First, almost no workout routines -- or animated talk about them. Nautilus? Nordic Track? Yoga pants? From roughly 50 programs, I can recall only one, in fact -- a rather humorous scene in an Istanbul health club that doubles as a drug depot. There is a bit of jogging, just a bit -- none in Italy. The Italians do do some swimming (Montalbano) and are pictured hauling cases of wine up steep cellar stairs with uncanny frequency. Kale appears nowhere on the menu; and vegan or gluten are words unspoken. Speaking of food, almost all of these characters actually sit down to eat lunch, albeit the main protagonist tends to lose an appetite when on the heels of a particularly elusive villain. Oblique references to cholesterol levels occur on but two occasions. Those omnipresent little containers of yoghurt are considered unworthy of camera time.

A few other features of contemporary American life are missing from the dialogue. I cannot recall the word "consultant' being uttered once. In the face of this amazing reality, one can only wonder how ****-kid 21 year old graduates from elite European universities manage to get that first critical foothold on the ladder of financial excess. Something else is lacking in the organizational culture of police departments, high-powered real estate operations, environmental NGOs or law firms: formal evaluations. In those retro environments, it all turns on long-standing personal ties, budgetary appropriations and actual accomplishment -- not graded memo writing skills. Moreover, the abrupt firing of professionals is a surprising rarity. No wonder Europe is lagging so far behind in the league table of billionaires produced annually and on-the-job suicides

Then, there is that staple of all American conversation -- real estate prices.
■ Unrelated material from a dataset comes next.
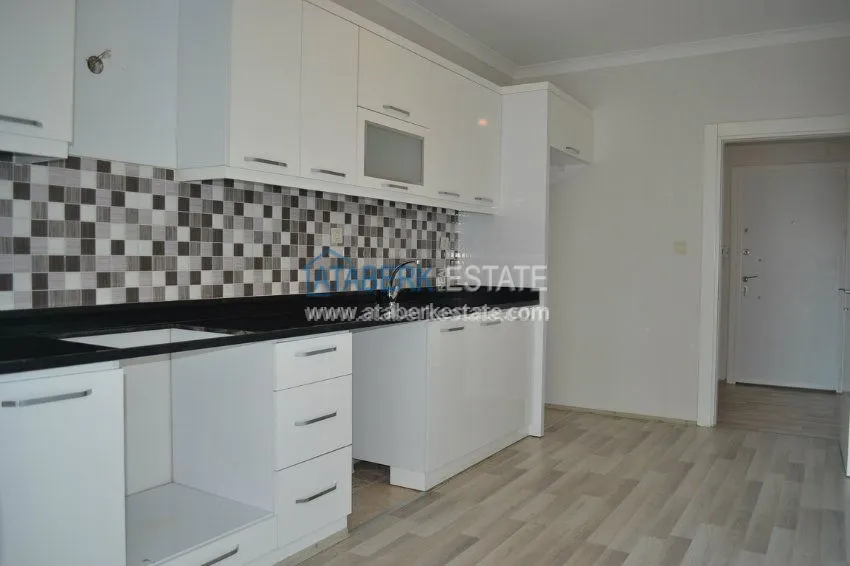 Purchase  Апартаменты планировкой 2+1 на 8этаже в комплексе Голд Сан 3 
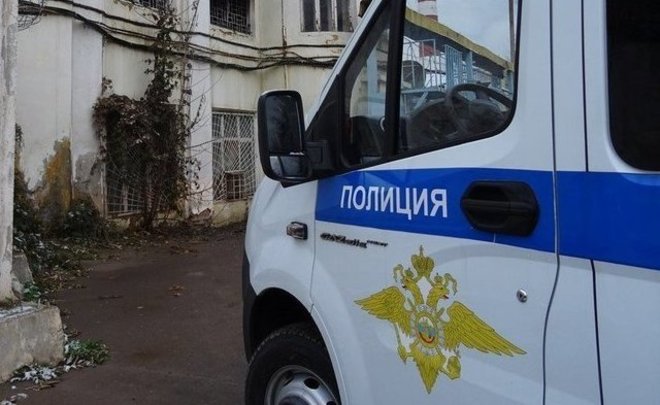 В Казани мужчина сдал в металлолом чужой гараж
They crop up very rarely -- and then only when retirement is the subject. Admittedly, that is a pretty boring subject for a tense crime drama -- however compelling it is for academics, investors, lawyers and doctors over here. Still, it fits a pattern.

None of the main characters devotes time to soliciting offers from other institutions -- be they universities, elite police units in a different city, insurance companies, banks, or architectural firms. They are peculiarly rooted where they are. In the U.S., professionals are constantly on the look-out for some prospective employer who will make them an attractive offer. That offer is then taken to their current institution along with the demand that it be matched or they'll be packing their bags. Most of the time, it makes little difference if that "offer" is from College Station, Texas or La Jolla, California. That doesn't occur in the programs that I've viewed. No one is driven to abandon colleagues, friends, a comfortable home and favorite restaurants for the hope of upward mobility. What a touching, if archaic way of viewing life.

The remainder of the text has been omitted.